▶ **EXERCISE PROMPT**: Transcribe, verbatim, every line from the start of the entries through the line that contains "Biến cá thối thành chả thơm"; include both boundary lines and omit all others.

(Excerpts from a dataset)
□ □ □ □
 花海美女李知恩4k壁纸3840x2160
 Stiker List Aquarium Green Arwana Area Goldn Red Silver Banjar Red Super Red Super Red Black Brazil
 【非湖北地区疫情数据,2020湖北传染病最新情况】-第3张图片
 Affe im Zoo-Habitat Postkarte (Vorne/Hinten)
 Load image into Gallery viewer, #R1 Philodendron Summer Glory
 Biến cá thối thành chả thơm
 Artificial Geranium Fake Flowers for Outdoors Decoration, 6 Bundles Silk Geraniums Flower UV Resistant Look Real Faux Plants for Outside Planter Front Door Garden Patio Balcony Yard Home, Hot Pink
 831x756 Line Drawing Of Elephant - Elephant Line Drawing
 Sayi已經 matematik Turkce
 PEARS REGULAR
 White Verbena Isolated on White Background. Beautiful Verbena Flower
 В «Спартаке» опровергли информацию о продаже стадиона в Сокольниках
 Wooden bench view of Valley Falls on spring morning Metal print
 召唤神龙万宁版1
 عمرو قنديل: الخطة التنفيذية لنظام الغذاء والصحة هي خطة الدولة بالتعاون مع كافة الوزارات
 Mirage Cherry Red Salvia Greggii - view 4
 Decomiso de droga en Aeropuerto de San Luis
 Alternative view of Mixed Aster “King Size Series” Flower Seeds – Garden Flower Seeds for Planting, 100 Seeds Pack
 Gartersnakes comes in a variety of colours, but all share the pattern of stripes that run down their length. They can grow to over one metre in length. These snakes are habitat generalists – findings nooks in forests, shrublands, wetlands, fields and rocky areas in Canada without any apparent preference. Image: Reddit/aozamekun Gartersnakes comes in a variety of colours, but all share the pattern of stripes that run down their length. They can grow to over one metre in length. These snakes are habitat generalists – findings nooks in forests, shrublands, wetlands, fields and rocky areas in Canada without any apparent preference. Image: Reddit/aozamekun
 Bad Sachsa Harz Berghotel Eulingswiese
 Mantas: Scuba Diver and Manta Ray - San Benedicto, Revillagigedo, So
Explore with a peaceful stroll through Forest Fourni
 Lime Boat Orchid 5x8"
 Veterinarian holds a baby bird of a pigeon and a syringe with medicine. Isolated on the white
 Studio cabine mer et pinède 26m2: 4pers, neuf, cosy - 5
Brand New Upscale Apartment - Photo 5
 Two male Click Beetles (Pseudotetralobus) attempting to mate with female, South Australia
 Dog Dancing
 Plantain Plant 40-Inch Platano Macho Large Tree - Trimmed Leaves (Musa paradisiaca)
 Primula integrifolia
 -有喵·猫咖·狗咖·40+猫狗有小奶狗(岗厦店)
□ □ □ □
▶ **WRITTEN SOLUTION**:
 花海美女李知恩4k壁纸3840x2160
 Stiker List Aquarium Green Arwana Area Goldn Red Silver Banjar Red Super Red Super Red Black Brazil
 【非湖北地区疫情数据,2020湖北传染病最新情况】-第3张图片
 Affe im Zoo-Habitat Postkarte (Vorne/Hinten)
 Load image into Gallery viewer, #R1 Philodendron Summer Glory
 Biến cá thối thành chả thơm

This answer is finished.